A friend asked me if I wanted to listen to his favorite music today. I turned him down, but for all the wrong reasons. For a long time I’ve been burned by top 40 music, for many reasons. I don’t like the fact that so many artists are defined wholly by their image. I don’t find any personal interest in music that isn’t music, but is just a backdrop for some modern-day beat poetry. I also don’t respect musicians who make repetitive gestures and expect them to be taken up as life’s blood. (I don’t mean repetitive action can’t be musical — take drum circles and their ancestry for example — but a 16-note undeveloped sequence on some 1970s vintage analog symthesizer is not a song.)
So I have this extreme prejudice that shows up when people ask me to listen to “popular music.” There’s definitely top-40 stuff I like (Garbage comes to mind) but it’s rare. Friends come to my abode and look through my record collection, hoping to spy something they recognize to put on the stereo. Usually they fail, unless they know folk, jazz, older rock (yay Elvis Costello!) or the truly bizarre like The Bobs or Donald Harrison’s Mardi Gras Indians.

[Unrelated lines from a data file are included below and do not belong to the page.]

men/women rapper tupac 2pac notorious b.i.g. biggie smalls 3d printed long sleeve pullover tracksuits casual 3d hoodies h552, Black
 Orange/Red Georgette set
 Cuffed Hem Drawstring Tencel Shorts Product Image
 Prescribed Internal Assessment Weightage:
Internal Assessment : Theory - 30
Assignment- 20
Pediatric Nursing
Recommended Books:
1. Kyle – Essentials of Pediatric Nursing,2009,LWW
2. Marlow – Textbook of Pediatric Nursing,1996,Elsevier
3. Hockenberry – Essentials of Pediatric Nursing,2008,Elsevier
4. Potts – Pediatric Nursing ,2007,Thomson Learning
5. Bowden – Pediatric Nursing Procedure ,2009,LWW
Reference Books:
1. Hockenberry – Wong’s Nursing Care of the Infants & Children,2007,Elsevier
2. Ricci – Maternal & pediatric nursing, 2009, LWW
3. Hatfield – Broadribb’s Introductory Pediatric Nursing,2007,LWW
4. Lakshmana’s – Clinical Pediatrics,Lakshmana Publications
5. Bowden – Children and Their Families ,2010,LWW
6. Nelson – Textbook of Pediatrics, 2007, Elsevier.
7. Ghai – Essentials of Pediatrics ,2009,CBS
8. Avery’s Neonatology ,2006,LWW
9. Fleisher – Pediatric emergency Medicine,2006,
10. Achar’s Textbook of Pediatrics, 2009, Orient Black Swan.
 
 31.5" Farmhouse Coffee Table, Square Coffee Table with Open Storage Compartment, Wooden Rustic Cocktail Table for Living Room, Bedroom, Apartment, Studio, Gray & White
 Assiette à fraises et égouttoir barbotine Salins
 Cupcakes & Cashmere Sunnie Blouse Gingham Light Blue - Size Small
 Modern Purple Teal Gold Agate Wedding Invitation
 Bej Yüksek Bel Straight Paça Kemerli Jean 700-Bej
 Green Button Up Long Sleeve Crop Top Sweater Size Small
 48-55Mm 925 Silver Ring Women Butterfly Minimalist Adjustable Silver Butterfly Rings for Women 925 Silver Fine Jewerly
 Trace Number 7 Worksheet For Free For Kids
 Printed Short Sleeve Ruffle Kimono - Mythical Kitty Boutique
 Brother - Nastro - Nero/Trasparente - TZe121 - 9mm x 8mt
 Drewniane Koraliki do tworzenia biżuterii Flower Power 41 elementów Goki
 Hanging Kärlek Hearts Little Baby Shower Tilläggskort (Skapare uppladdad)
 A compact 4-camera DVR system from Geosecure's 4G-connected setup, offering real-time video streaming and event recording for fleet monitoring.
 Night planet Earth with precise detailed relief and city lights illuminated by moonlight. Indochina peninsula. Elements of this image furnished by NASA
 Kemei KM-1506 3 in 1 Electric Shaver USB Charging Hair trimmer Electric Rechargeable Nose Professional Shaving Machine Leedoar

A lot of people rail against “the system” just to be different. They buy independent records to prevent fuelling the recording industry’s payola system. They refuse to “sell out” by shopping at large food chains because they exploit various farm workers. They run Linux because Microsoft is bad.
Personally, I am a vegetarian because my body can’t digest meat very well (I get awful cramps for days.) I don’t listen to top 40 because I don’t enjoy it. If jazz fusion or folk became popular again, of course I’d listen to top 40! And I’d spend more time in front of the mass media if I liked their message at all. As it stands, it doesn’t usually tell me anything I feel enriches my life. I’m even contemplating not running cable or satellite to my new abode, though there are informational channels I want (pilots MUST HAVE the weather channel…)
I’ve never really felt that I was required to live a normal life. Those of you who know me intimately know I speak the truth. But I have felt increased pressure recently to not outright reject popular culture on the grounds that it’s just popular culture. I’ll be sure not to do that now, but it doesn’t mean I am all of a sudden going to replace my record collection with Top 40 hits and watch Friends. (Yuck.)